_Exercise requirements_: Since the records include pictures, leave those out while you reproduce exactly and only the lines from the one containing "PENDLETON Flannel Shirt" through the one containing "Wild Fable Black", inclusive.

_Provided data_:
------------------------------------------------------------------------
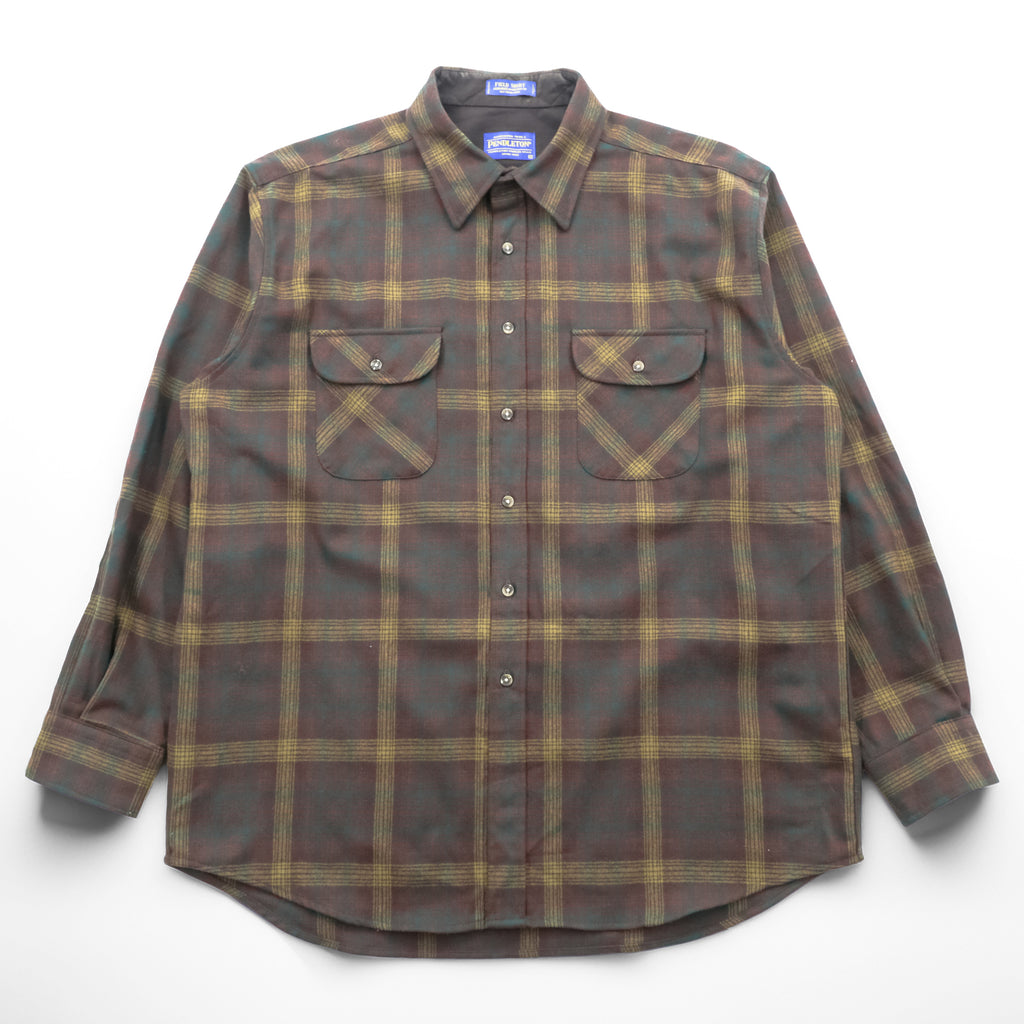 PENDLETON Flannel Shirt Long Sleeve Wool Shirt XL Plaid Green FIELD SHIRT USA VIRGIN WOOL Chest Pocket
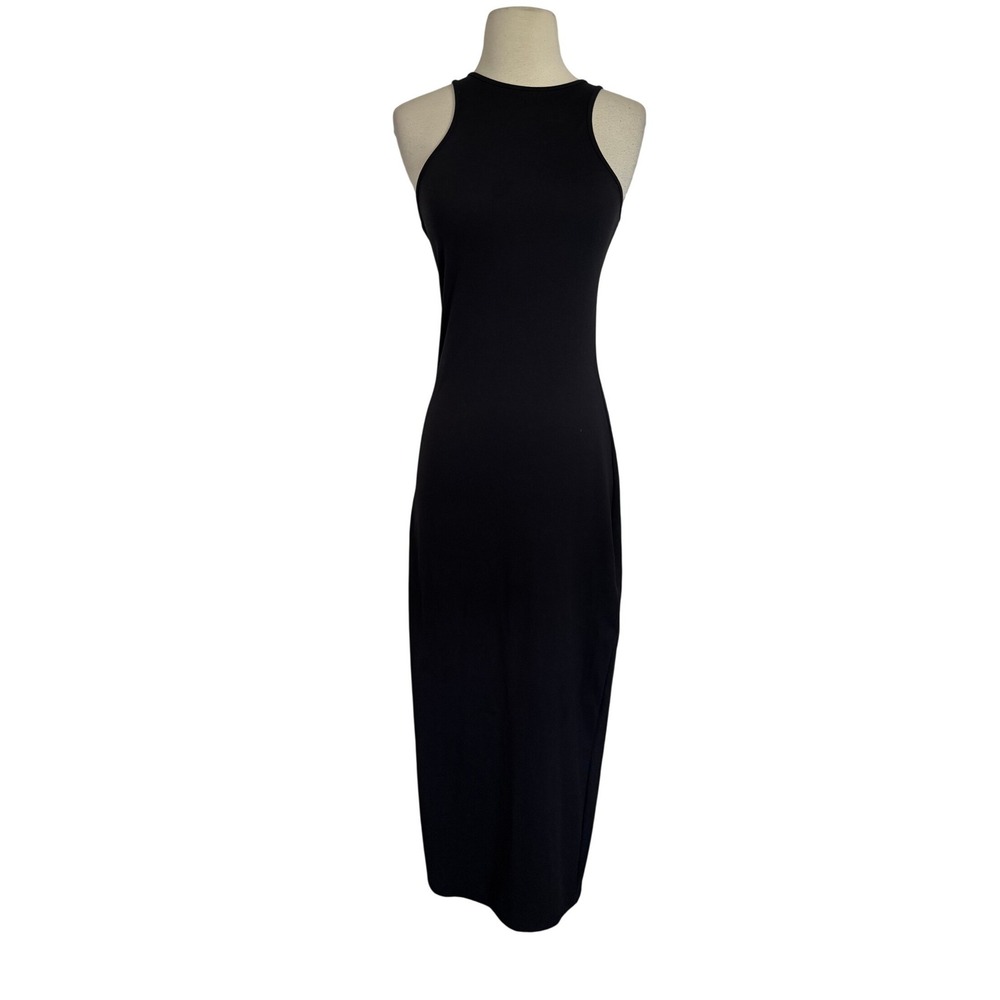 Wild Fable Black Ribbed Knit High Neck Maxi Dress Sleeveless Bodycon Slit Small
------------------------------------------------------------------------
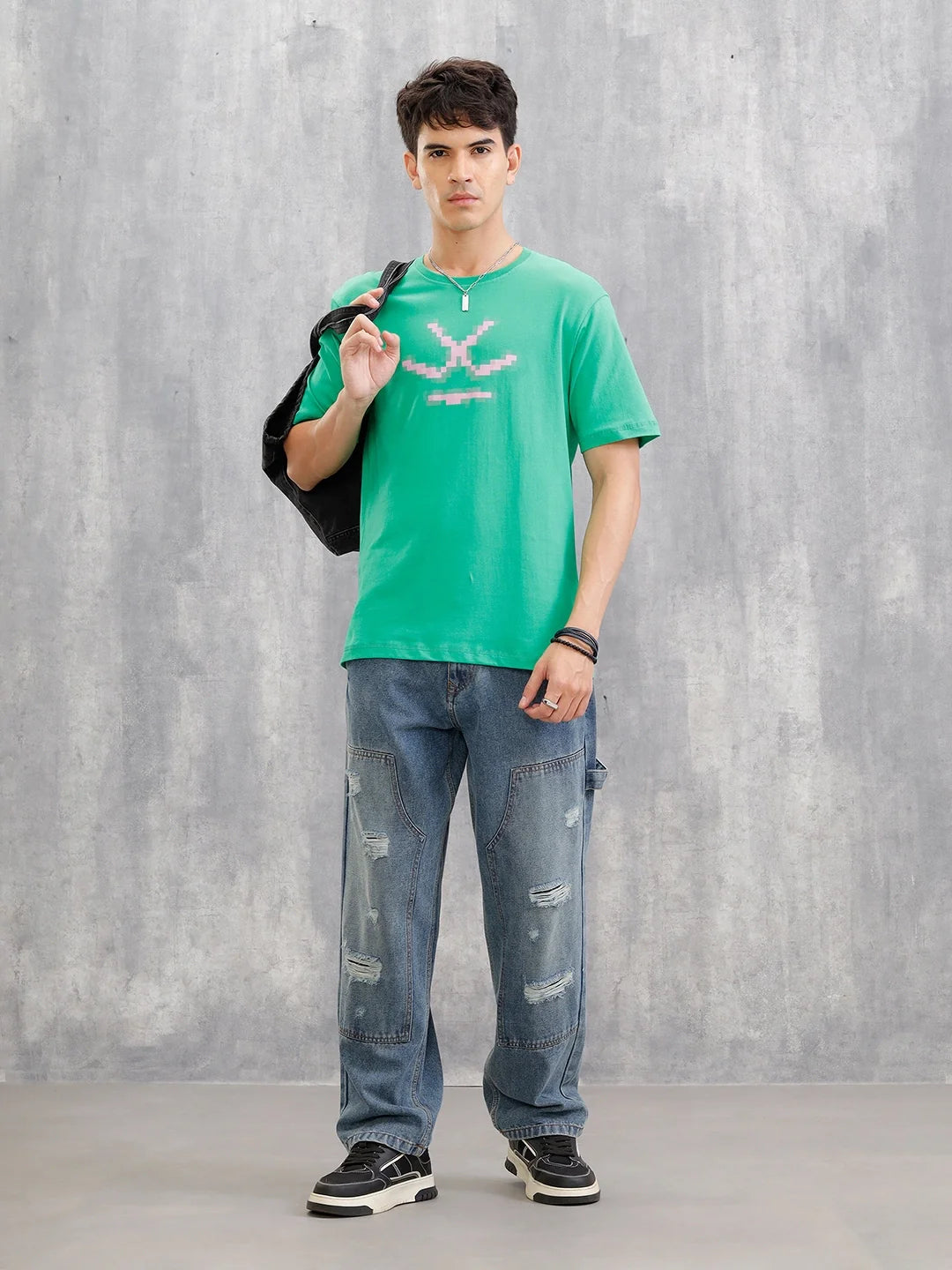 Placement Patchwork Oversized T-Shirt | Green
------------------------------------------------------------------------
_Task result_:
 PENDLETON Flannel Shirt Long Sleeve Wool Shirt XL Plaid Green FIELD SHIRT USA VIRGIN WOOL Chest Pocket
 Wild Fable Black Ribbed Knit High Neck Maxi Dress Sleeveless Bodycon Slit Small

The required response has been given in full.